Minggu, 30 Juni 2013

Egois? Bersujudlah....





Siapa yang pernah egois? Dan siapa yang mengaku bahwa dirinya tidak pernah egois? Sejatinya, nggak ada manusia yang nggak egois, tentu dalam kadar yang berbeda-beda antara satu dengan yang lain. Sepihak, egoisme penting sebagai wujud eksistensi kita sebagai manusia. Tanpa egoisme sama sekali muskil kita bisa memiliki prinsip hidup. Betul atau benar? Orang yang hidup tanpa prinsip sejatinya dia tidak lagi hidup karena ia tak lagi memiliki orientasi yang jelas dalam hidupnya.
Sampai disini, menjadi sosok yang egois penting, bukan?
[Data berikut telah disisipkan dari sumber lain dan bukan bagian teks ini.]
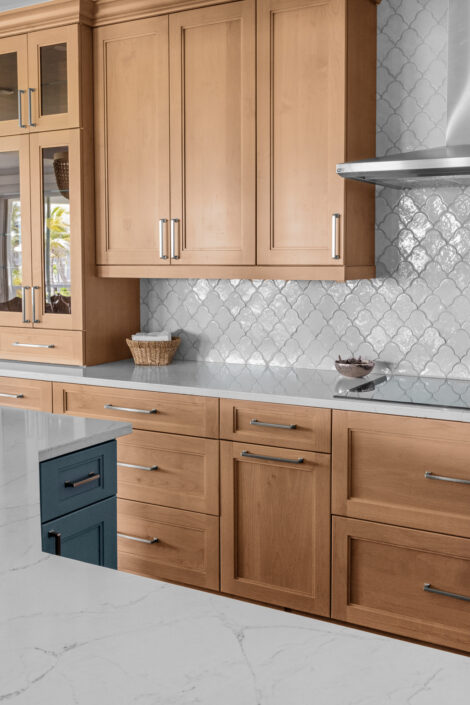 0S3A0784 Kitchen with wood cabinetry, glass-front uppers and white scallop tile backsplash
Tetapi, dipihak lain, terlalu egois juga nggak sehat lho.egoisme yang berlebihan akan membuat diri kita antikritik., sepet kepada ragam masukan sepositif apa pun, lantaran itu semua ditampiknya sebagai pengerdilan atas eksistensinya.
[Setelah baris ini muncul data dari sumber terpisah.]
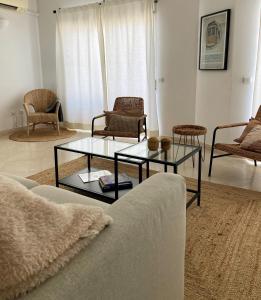 a living room with a couch and tables and chairs at Appartement Casa Lina Lagos vue mer in Lagos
Contoh sederhana sering kita lihat atau bahkan kita alami sendiri saat kita marah atau benci kepada seseorang, entah sahabat, saudara, pacar, dll, yang semua ragam kemarahan dan kebencian itu berpijak pada egoisme diri.
Saat kita dikuasai egoisme, seketika kita kehilangan sepenuhnya akal sehat kita, bukan nurani. Kalau nurani, selalu saja eksis dan membisikkan kepada kita dengan setiap bahwa kritiknya benar, pendapatnya lebih baik. Tetapi, kita lebih sering gagal mengikuti kata hati itu lantaran otak kita keburu mampet disumbat aliran darah yang super cepat dipompa egoisme itu.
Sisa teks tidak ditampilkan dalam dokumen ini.